I was supposed to read the newspaper article about her to Mafia For Life, because he likes Amy Schumer. Well, that newspaper got tossed and, after the next lockdown, other things were going on in the module, so that never happened.
And there was a homeless man who told me he never pan handles or dumpster dives, because he's got eight hustles he can hook you up to. His favorite is to hang out in Starbucks and wait for you to go to the bathroom. Then he scoops up your phone, your iPad and your laptop and runs out the door before anybody gets out the second "Hey!" in "Hey! Hey! Hey!"
But the one who had two broken ribs from being wrestled to the floor by "loss prevention," was the Scotsman (Permanent Resident Alien Permit, lovely cross of St. Andrew deconstructed as a tattoo on his forearm. All he stole was a large bar of Hershey chocolate with almonds. So we, in the module, referred to him as the Hershey Bandit. Nobody in this country has heard of the Milky Bar Kid.

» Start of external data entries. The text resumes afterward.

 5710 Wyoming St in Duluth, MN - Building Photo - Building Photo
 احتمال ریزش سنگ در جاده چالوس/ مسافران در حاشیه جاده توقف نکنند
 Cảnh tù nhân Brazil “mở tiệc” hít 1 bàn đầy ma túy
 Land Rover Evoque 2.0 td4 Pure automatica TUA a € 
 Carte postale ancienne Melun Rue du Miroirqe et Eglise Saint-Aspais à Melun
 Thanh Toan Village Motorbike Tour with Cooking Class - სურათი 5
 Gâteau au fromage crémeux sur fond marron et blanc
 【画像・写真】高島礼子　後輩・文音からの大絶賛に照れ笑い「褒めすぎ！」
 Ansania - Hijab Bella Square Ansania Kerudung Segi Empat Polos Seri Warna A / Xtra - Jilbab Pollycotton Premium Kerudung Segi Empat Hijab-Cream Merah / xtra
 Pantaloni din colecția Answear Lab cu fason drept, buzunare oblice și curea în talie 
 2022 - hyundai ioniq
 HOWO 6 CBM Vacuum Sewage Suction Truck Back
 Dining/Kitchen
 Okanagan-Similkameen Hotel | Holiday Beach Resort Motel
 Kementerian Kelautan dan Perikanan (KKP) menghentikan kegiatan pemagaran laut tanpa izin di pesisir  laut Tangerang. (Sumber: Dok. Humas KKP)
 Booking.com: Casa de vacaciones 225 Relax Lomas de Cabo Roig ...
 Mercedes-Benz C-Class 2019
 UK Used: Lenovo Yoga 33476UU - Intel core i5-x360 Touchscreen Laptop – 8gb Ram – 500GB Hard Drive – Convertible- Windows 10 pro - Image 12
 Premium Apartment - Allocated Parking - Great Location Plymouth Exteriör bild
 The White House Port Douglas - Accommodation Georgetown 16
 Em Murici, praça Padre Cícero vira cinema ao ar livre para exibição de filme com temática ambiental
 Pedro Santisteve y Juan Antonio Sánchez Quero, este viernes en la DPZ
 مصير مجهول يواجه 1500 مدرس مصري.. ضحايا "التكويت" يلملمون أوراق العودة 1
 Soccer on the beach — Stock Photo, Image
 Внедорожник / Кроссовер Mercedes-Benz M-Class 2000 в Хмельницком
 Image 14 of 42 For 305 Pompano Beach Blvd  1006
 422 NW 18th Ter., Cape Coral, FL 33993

When my cell door opened and they called for me to roll up my bedding and walk to the gate, I could have screamed for joy.
Can you believe they still didn't wash the pan and throw away the teriyaki sauce from the chicken legs I barbecued for the kids last Friday night? So it's been sitting here a week with stuff dropping in off the trees. I would have washed it up, myself, but I was unavoidably detained.